Hi. I'm doing a Query, and I would like to group the result by the value "Products_Joined.ProductCode"

Here is my code so far:

SELECT Orders.BatchNumber AS Remesa
     , Products_Joined.ProductCode AS CodigoProducto
     , Products_Joined.ProductName AS Producto
     , Products_Joined.warehousecustom AS Arancel
     , Products_Joined.Vendor_Price AS PrecioUnitario
     , OrderDetails.Quantity AS Cantidad
     , (OrderDetails.Quantity * Products_Joined.Vendor_Price) AS TotalLinea

FROM ((Products_Joined WITH (NOLOCK) INNER JOIN OrderDetails ON Products_Joined.ProductCode = OrderDetails.ProductCode) 
     INNER JOIN Orders 
     ON OrderDetails.OrderID = Orders.OrderID) 
          INNER JOIN Customers 
          ON Orders.CustomerID = Customers.CustomerID 
WHERE Orders.BatchNumber = 5304

Open in new window


So for example, if there are several lines of the code "Product-A" and several lines of "Product-B", the query results should return only TWO lines, one for Product-A and one for Product-B. Furthermore, the quantity value for each ProductCode should be summed, i.e.: OrderDetails.Quantity.

As you can see, we are pulling 6 fields from the database:
Orders.BatchNumber
Products_Joined.ProductCode
Products_Joined.ProductName
Products_Joined.warehousecustom
Products_Joined.Vendor_Price
OrderDetails.Quantity

Please help out with that.

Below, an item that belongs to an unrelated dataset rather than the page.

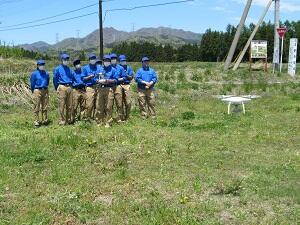 UAV（ドローン）での空撮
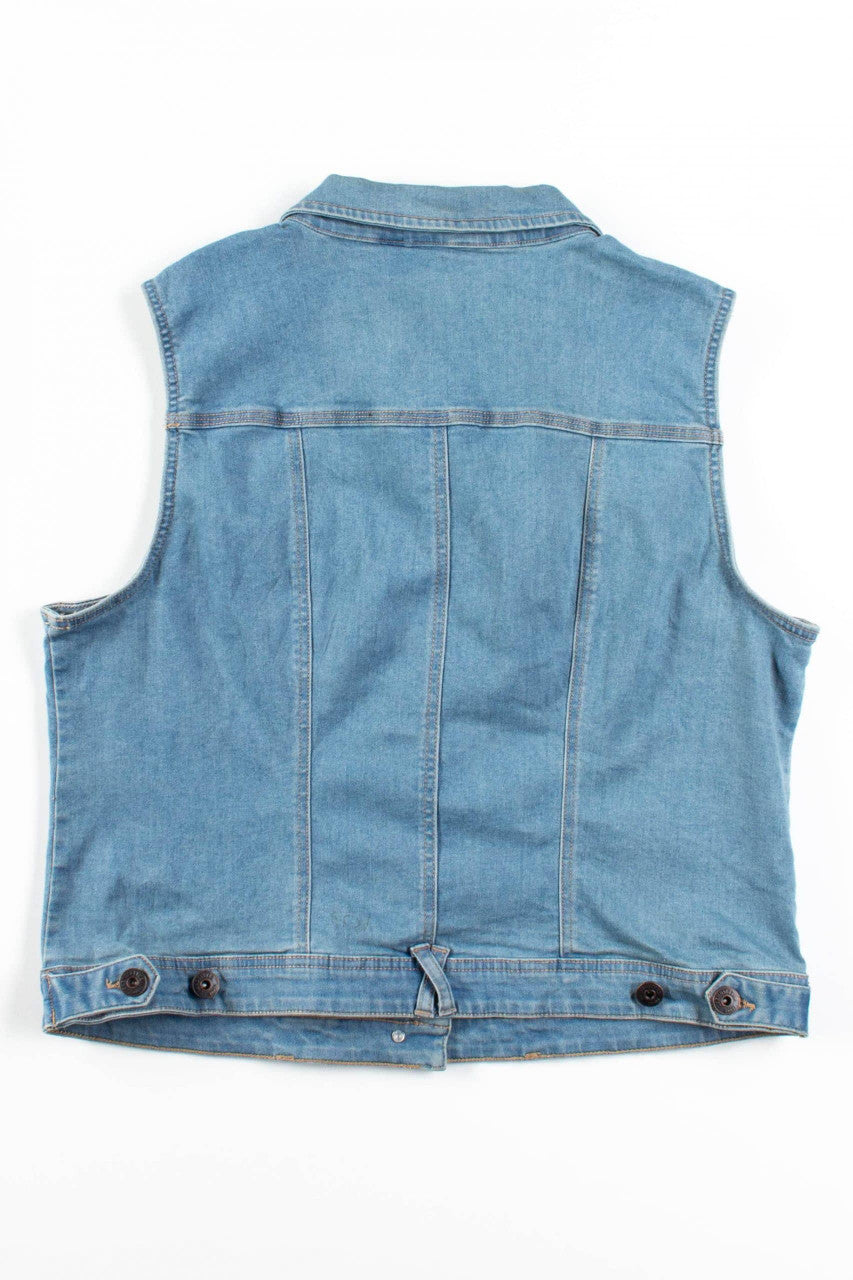 Vintage Denim Vest 1211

Thanks. Let me know if it all makes sense.
Avatar of yo_bee
yo_bee
Flag of United States of America image

If I am understanding your query you are getting results, just not able to get to the file stage where you want to group.

You can build another  cartesian then sum with a group by

Select X.ProductName,sum(x.quantity)

From (SELECT Orders.BatchNumber AS Remesa
     , Products_Joined.ProductCode AS CodigoProducto
     , Products_Joined.ProductName AS Producto
     , Products_Joined.warehousecustom AS Arancel
     , Products_Joined.Vendor_Price AS PrecioUnitario
     , OrderDetails.Quantity AS Cantidad
     , (OrderDetails.Quantity * Products_Joined.Vendor_Price) AS TotalLinea

FROM ((Products_Joined WITH (NOLOCK) INNER JOIN OrderDetails ON Products_Joined.ProductCode = OrderDetails.ProductCode) 
     INNER JOIN Orders 
     ON OrderDetails.OrderID = Orders.OrderID) 
          INNER JOIN Customers 
          ON Orders.CustomerID = Customers.CustomerID 
WHERE Orders.BatchNumber = 5304) as X
Group by x.ProductName

Open in new window

Avatar of gregholl

ASKER

OK. Thanks. I tried that and I got this error:

Your SQL is invalid: Invalid column name 'ProductName'.
If you run your query that you posted do you get results?
Yes. My query without the modification works fine.
I think you need to change the select x.productname to your alias name

Select X.Producto,sum(x.Cantidad)

From (SELECT Orders.BatchNumber AS Remesa
     , Products_Joined.ProductCode AS CodigoProducto
     , Products_Joined.ProductName AS Producto
     , Products_Joined.warehousecustom AS Arancel
     , Products_Joined.Vendor_Price AS PrecioUnitario
     , OrderDetails.Quantity AS Cantidad
     , (OrderDetails.Quantity * Products_Joined.Vendor_Price) AS TotalLinea

FROM ((Products_Joined WITH (NOLOCK) INNER JOIN OrderDetails ON Products_Joined.ProductCode = OrderDetails.ProductCode) 
     INNER JOIN Orders 
     ON OrderDetails.OrderID = Orders.OrderID) 
          INNER JOIN Customers 
          ON Orders.CustomerID = Customers.CustomerID 
WHERE Orders.BatchNumber = 5304) as X
Group by x.Producto

Open in new window

Excellent. We're getting there.

First of all, I would rather group by 'CodigoProducto' than 'Producto', but I can change that easy enough.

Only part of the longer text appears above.